• What to produce
Take the material below and extract the lines from the one with "社交ダンス　ドレス　VeRtigo ドレス　えんじ色　グラデーションスカート" through the one with "23570699-Ferienwohnung-2-Makarska-300x225-3", word for word, without pictures.

• Extracted information
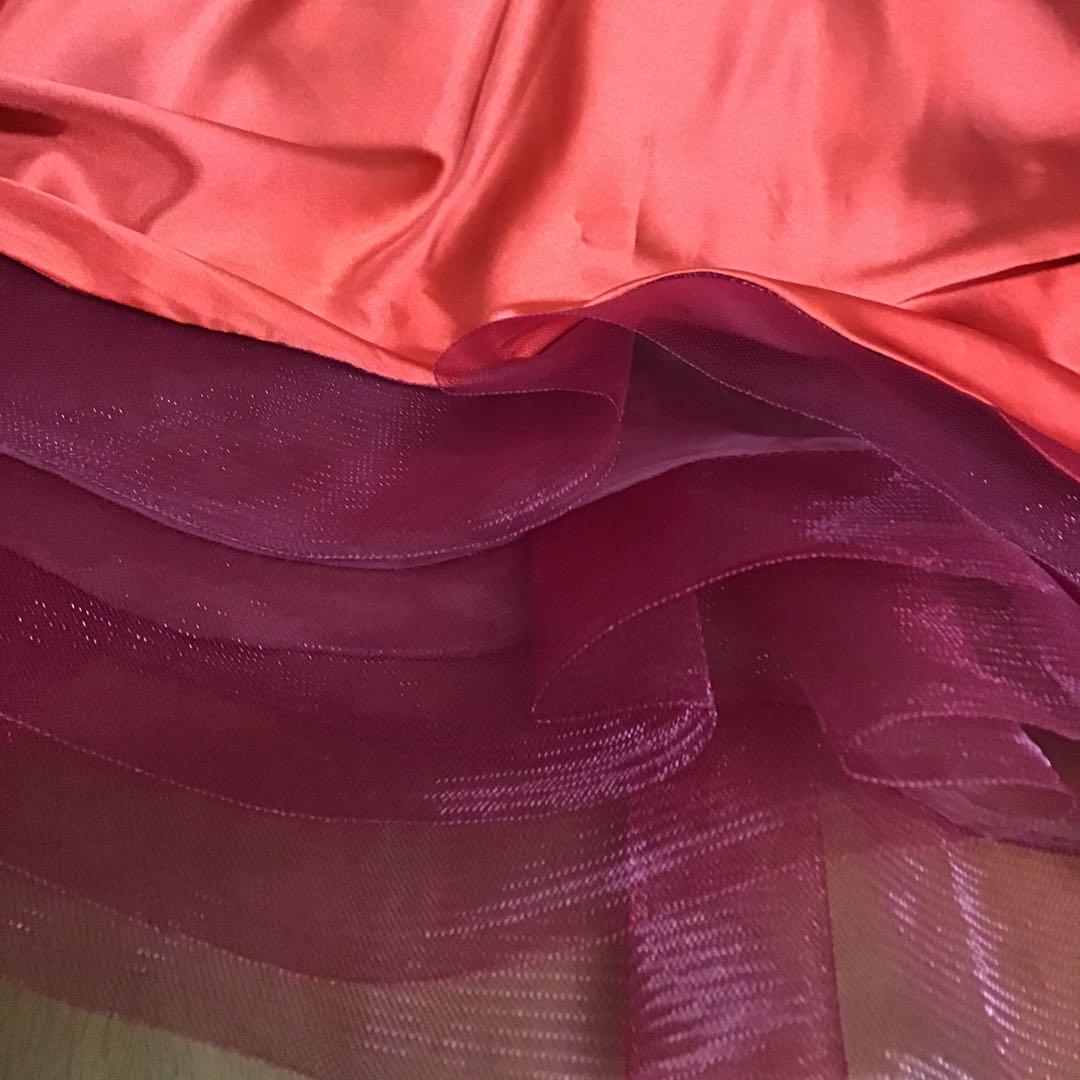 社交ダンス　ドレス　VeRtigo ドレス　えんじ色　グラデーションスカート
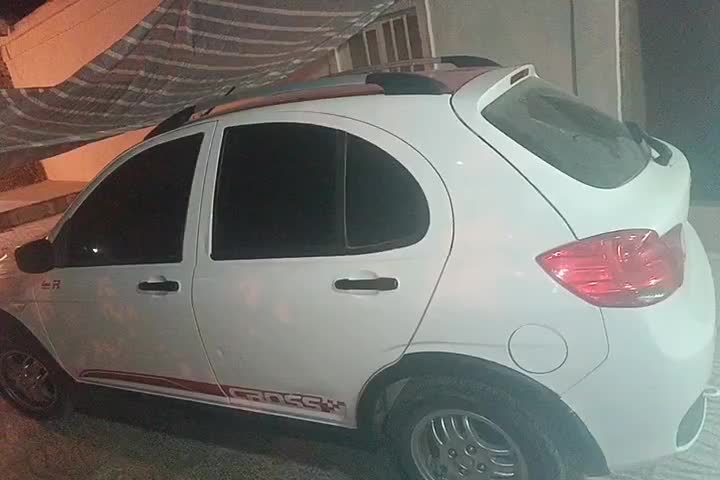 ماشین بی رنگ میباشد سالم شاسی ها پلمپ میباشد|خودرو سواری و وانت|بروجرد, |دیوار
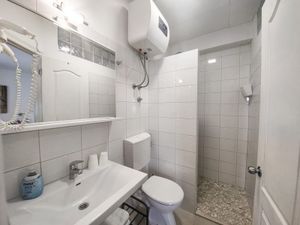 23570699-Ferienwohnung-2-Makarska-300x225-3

* * *

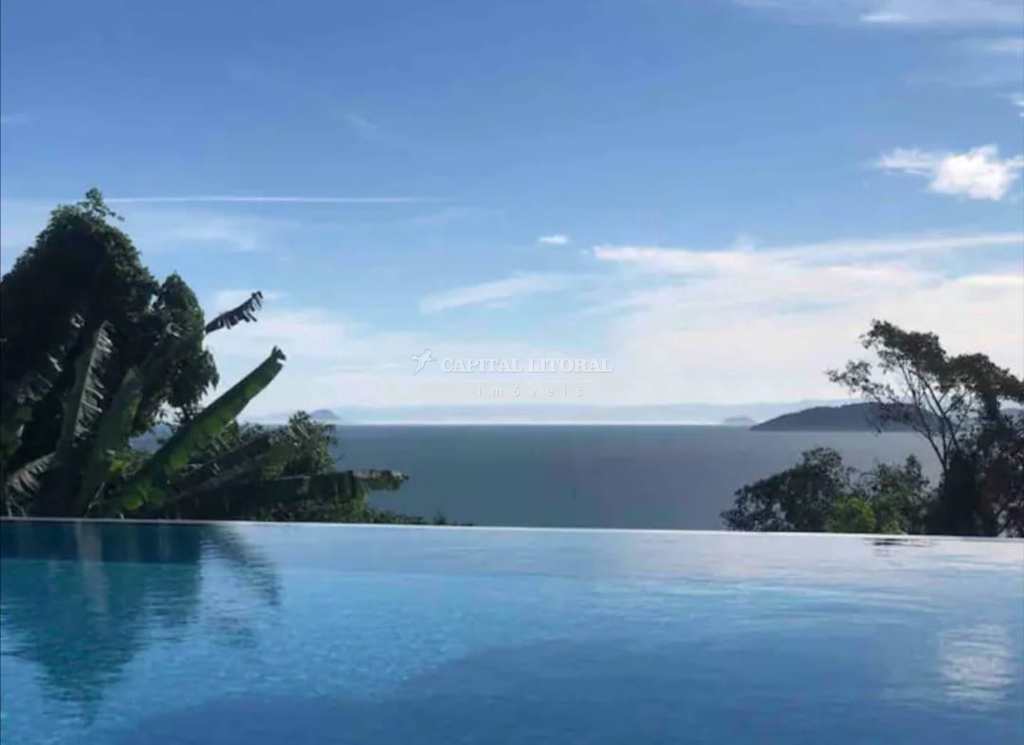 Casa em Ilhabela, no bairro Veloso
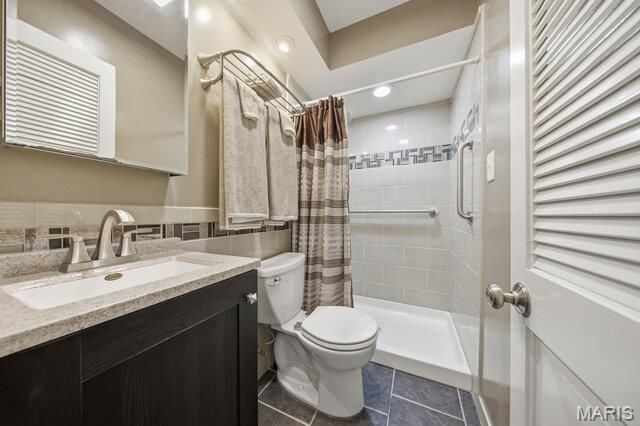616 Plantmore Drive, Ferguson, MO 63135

• Problem solution
 社交ダンス　ドレス　VeRtigo ドレス　えんじ色　グラデーションスカート
 ماشین بی رنگ میباشد سالم شاسی ها پلمپ میباشد|خودرو سواری و وانت|بروجرد, |دیوار
 23570699-Ferienwohnung-2-Makarska-300x225-3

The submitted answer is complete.